# Directions:
Leave out the pictures and output exactly the lines below from the one with "Kit 7391 1977" down to the one with "Mini scuba tank", both of them included.

# Material supplied:
******************************
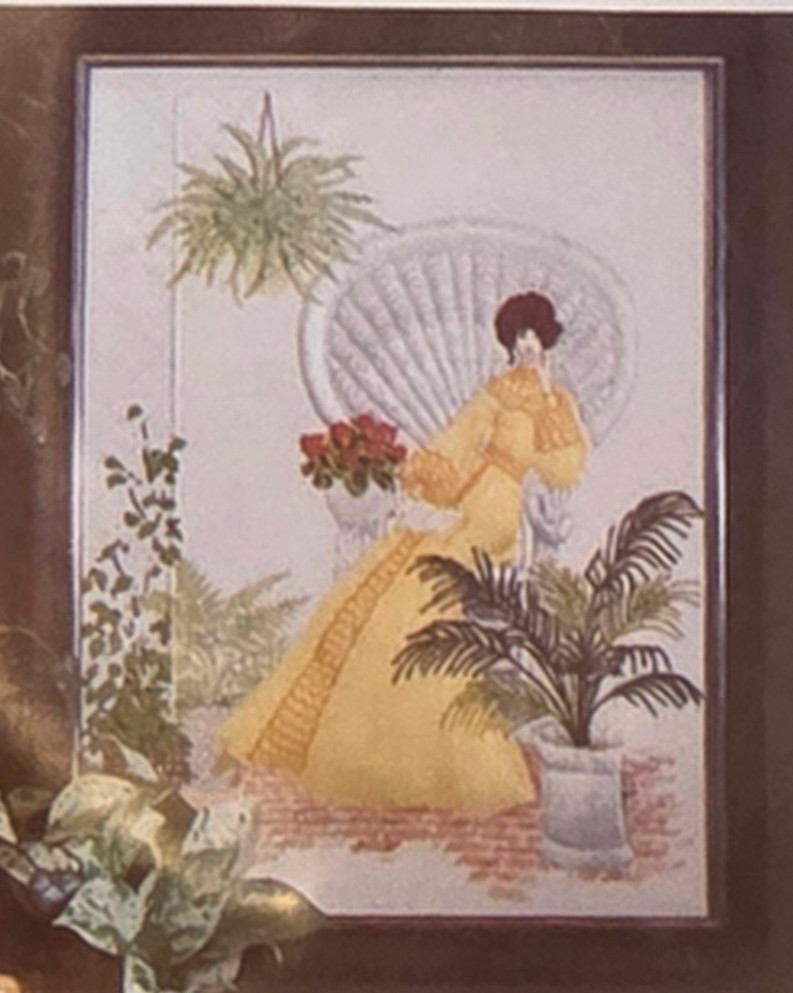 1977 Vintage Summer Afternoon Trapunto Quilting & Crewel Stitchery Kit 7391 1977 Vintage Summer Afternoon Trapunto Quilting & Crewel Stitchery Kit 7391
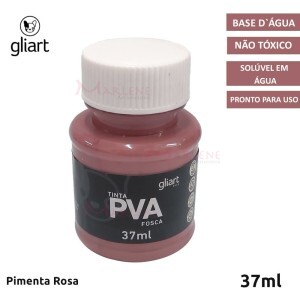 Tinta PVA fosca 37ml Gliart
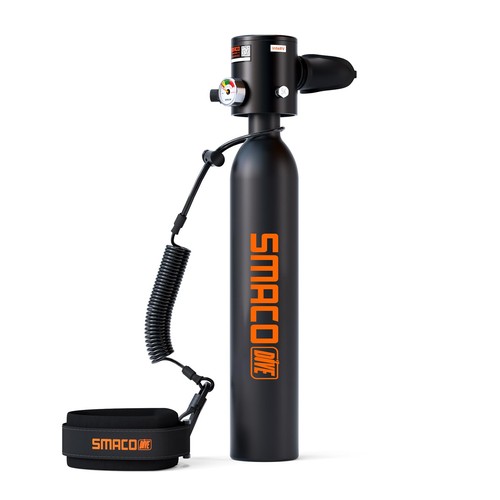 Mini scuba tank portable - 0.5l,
******************************
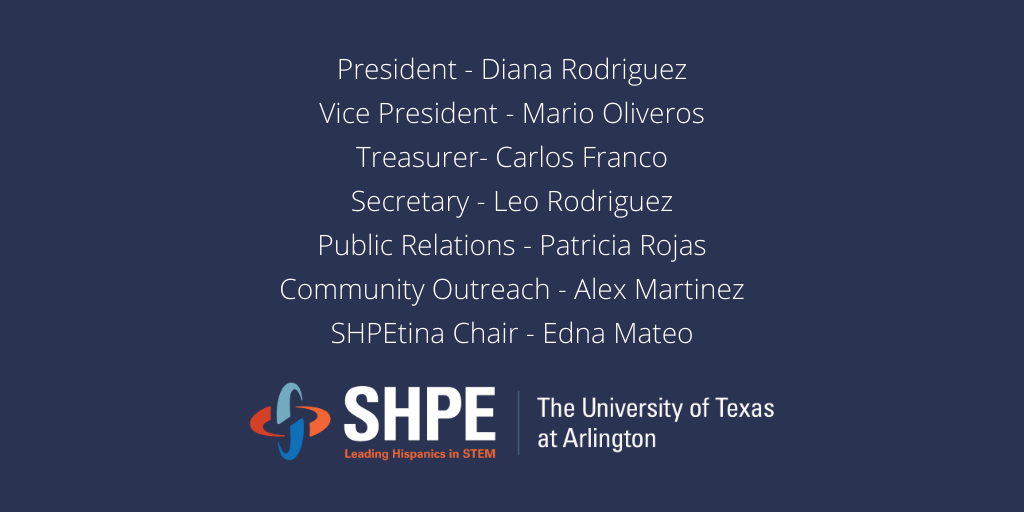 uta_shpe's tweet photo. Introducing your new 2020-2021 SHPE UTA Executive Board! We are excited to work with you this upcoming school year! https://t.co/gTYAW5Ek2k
******************************
# Answer for the task:
 1977 Vintage Summer Afternoon Trapunto Quilting & Crewel Stitchery Kit 7391 1977 Vintage Summer Afternoon Trapunto Quilting & Crewel Stitchery Kit 7391
 Tinta PVA fosca 37ml Gliart
 Mini scuba tank portable - 0.5l,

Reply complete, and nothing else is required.